WORK INSTRUCTIONS: Although pictures appear in the entries below, leave them out and print exactly the lines from the first line through the line containing "A COLLECTION OF".

EXERCISE MATERIAL:
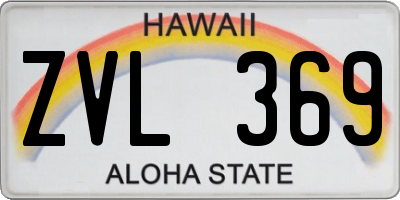 HI license plate ZVL369
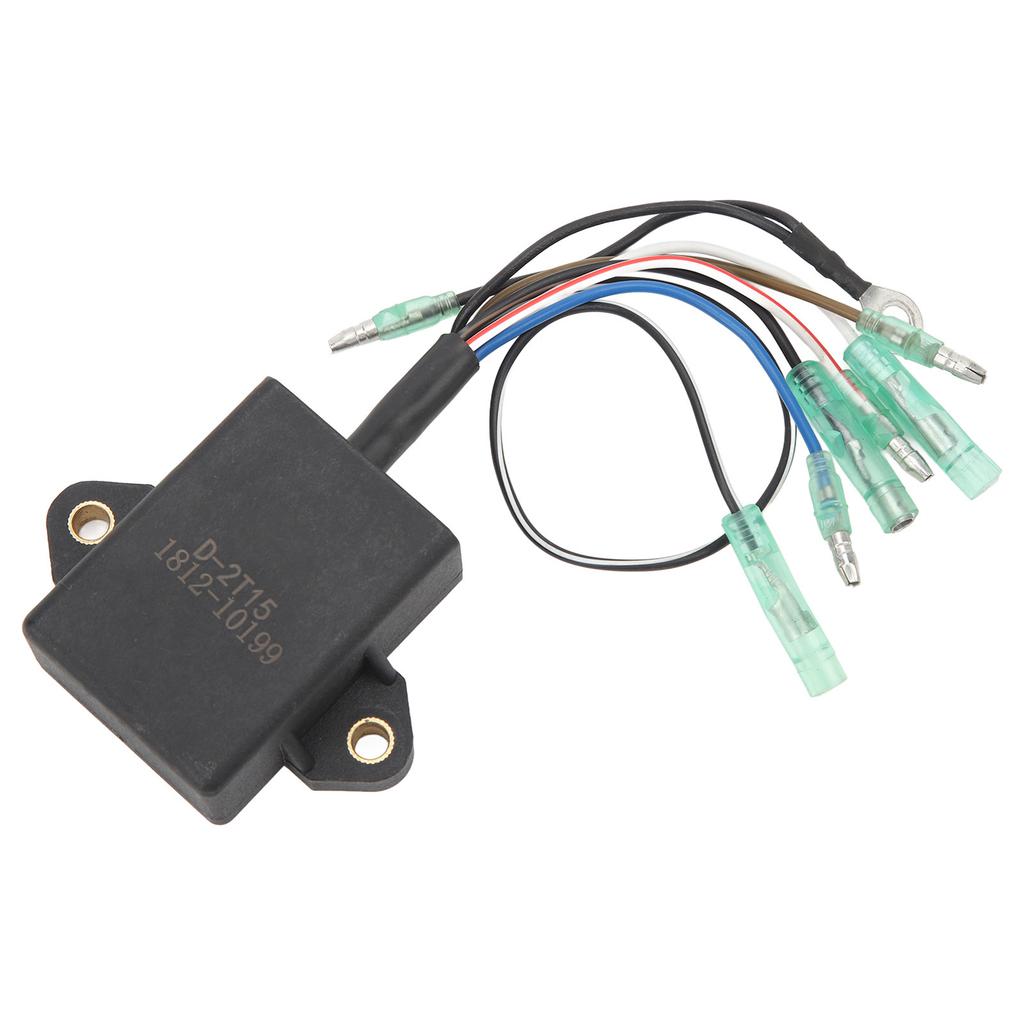 CDI UNIT Ignition Pack ABS Simple Installation Waterproof CDI Unit Ignition Coil for Outboard Motor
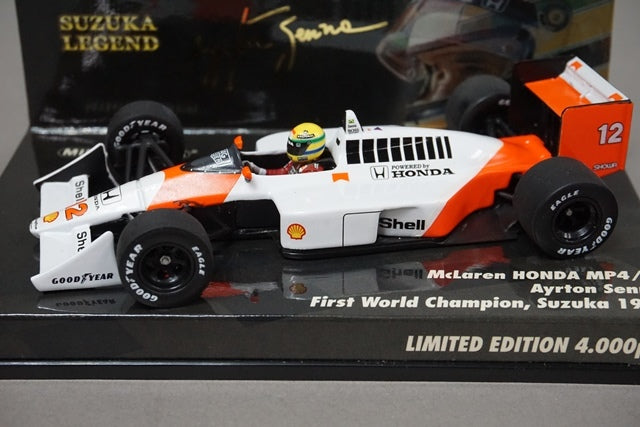 1:43 MINICHAMPS 403884312 McLaren Honda MP4/4 World Champion A.Senna 1988 #12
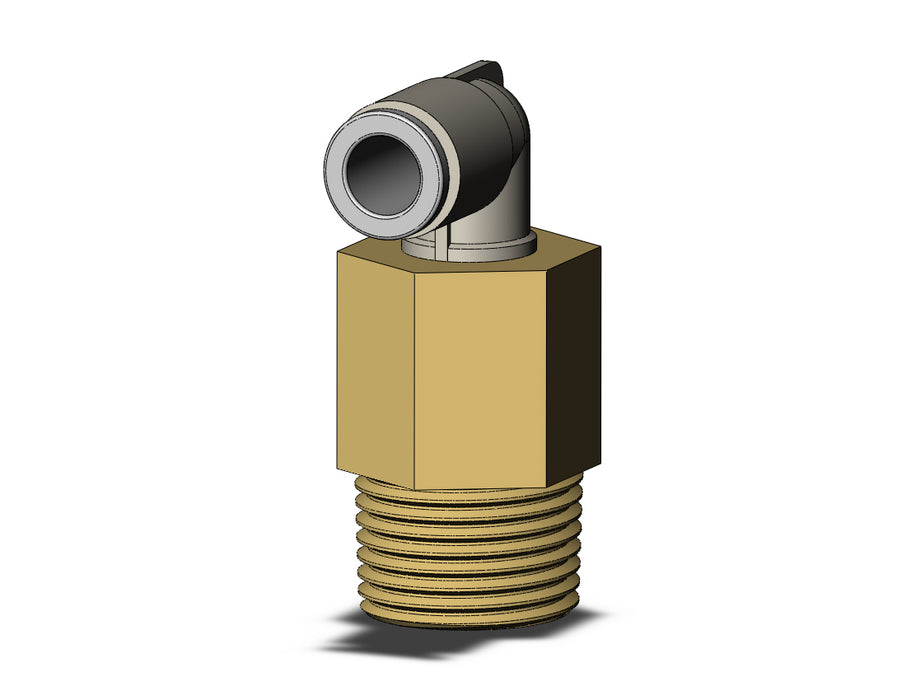 KQ2W06-03AS FITTING, EXT MALE ELBOW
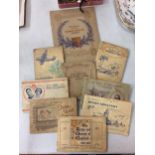 A COLLECTION OF NINE VINTAGE CIGARETTE CARD ALBUMS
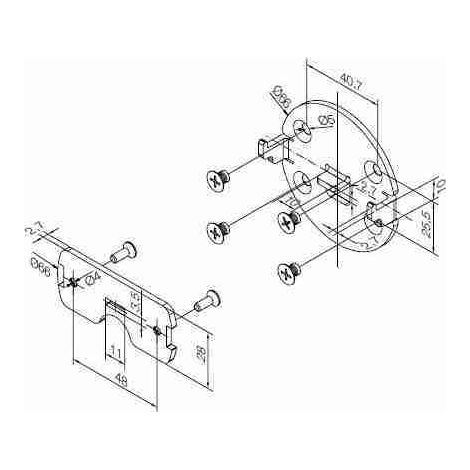 Nice 525.20097 - Kit Halterungen bianchi mit flange. Für Motoren Ø 45 mm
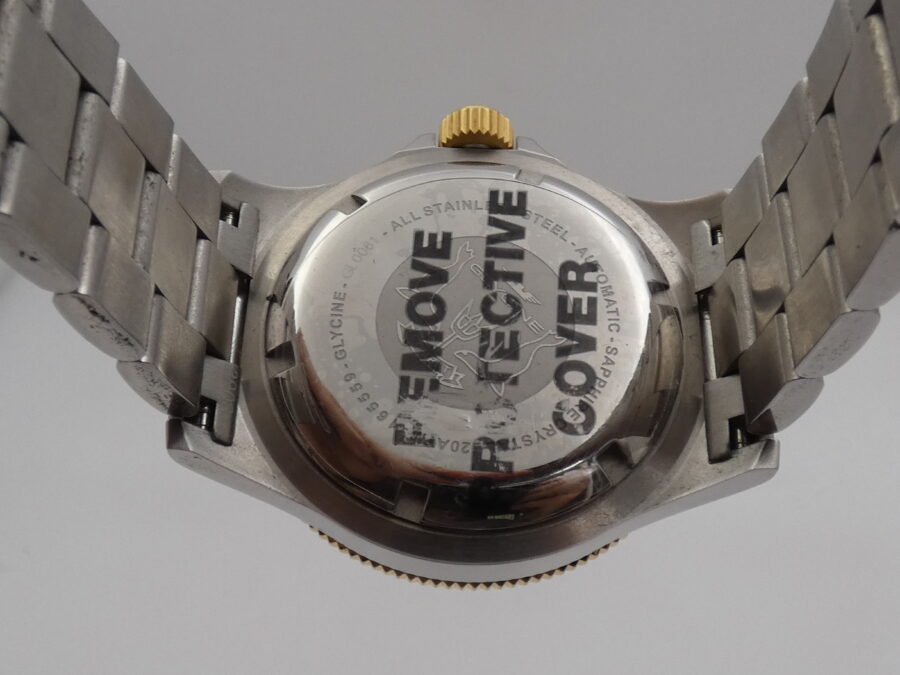 Glycine Combat SUB 42mm GL0081 BOX&PAPERS Automatico Acciaio & Oro 18Kt G.F. Anno 2021 TOP CONDITION - immagine 17
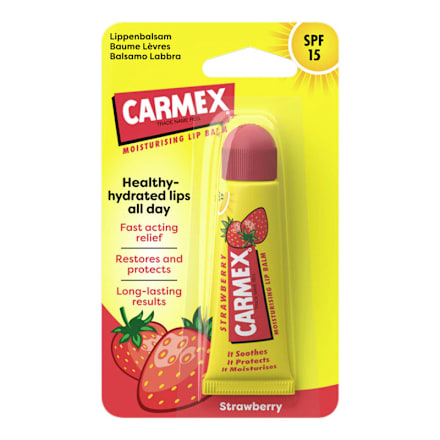 Балсам за устни с ягода, SPF 15 Carmex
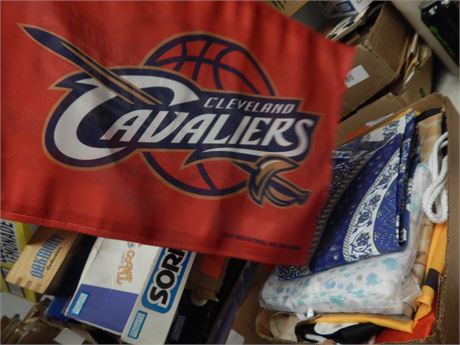 Cleveland Cavaliers Flag & Swaddle Blanket & More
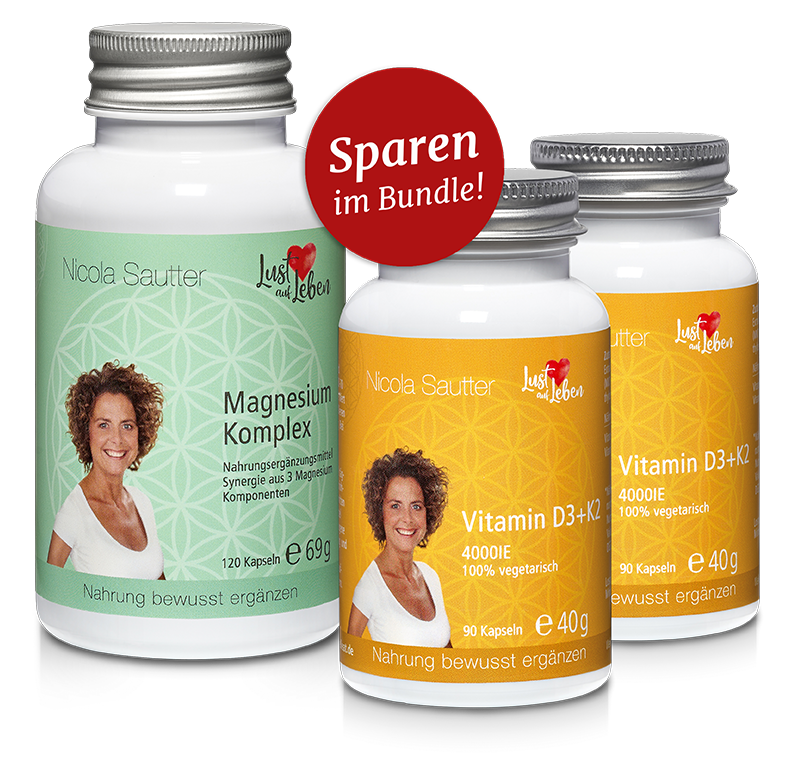 Doppelpack Vitamin D3+K2 in Kombination mit Magnesium Komplex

ANSWER SPACE:
 HI license plate ZVL369
 CDI UNIT Ignition Pack ABS Simple Installation Waterproof CDI Unit Ignition Coil for Outboard Motor
 1:43 MINICHAMPS 403884312 McLaren Honda MP4/4 World Champion A.Senna 1988 #12
 KQ2W06-03AS FITTING, EXT MALE ELBOW
 A COLLECTION OF NINE VINTAGE CIGARETTE CARD ALBUMS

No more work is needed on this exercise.